Home > GERUSALEMME 700 donne per la pace giusta
Da ogni parte Sono venute da tutto il mondo. Fra loro israeliane e palestinesi,le poche riuscite a passare
de LUISA MORGANTINI * GERUSALEMME
Grandi gazebo situati nel giardino dell’albergo Seven Arches ospitano circa 700 donne provenienti da ogni parte del mondo, cambogiane, giapponesi, europee, canadesi, australiane, colombiane, sudafricane, serbe, corate, bosniache e naturalmente palestinesi ed israeliane, ed ancora altre. Dall’albergo, costruito dai giordani quando ancora dominavano i territori palestinesi poi occupati degli israeliani nel 67, si puo vedere la più stupefacente vista della vecchia Gerusalemme, la cupola della moschea si staglia contro il cielo, le sinagoghe, le chiese cristiane e il muro, quello antico che circonda la cittàsanta, non quello costruito illegamente dal governo israeliano che annette territorio e divide le famiglie palestinesi.

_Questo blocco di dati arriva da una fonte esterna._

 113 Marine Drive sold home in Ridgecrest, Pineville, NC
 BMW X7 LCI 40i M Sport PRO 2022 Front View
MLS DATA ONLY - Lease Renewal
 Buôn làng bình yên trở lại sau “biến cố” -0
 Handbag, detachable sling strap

La tensione è molto forte in Israele e Palestina, sono i giorni dell’evacuazione dei coloni da Gaza, Gerusalemme ieri è stata chiusa, i palestinesi che la abitano, inferiori ai 45 anni non possono muoversi . I soldati e la polizia erano ovunque in attesa della manifestazione delle migliaia di religiosi venuti a pregare e marciare contro il piano di ritiro da Gaza.
Le settecento donne invece parlano di pace e di una visione femminista del mondo, sono parte della rete internazionale delle donne contro la guerra, donne che hanno scelto di abitare i luoghi del conflitto e che, come diceva Lepa Mladevic, donna in nero serba, uniscono la «relazione e la cura con la giustizia». Ieri abbiamo parlato della nostra visione del mondo, del rifiuto della violenza e della guerra, della necessità di disarmare eserciti e menti, dell’assunzione di responsabilità di ciascuna e della necessità di costruire relazioni e di rompere muri e frontiere, consapevoli di essere qui in un momento che può segnare un cambiamento.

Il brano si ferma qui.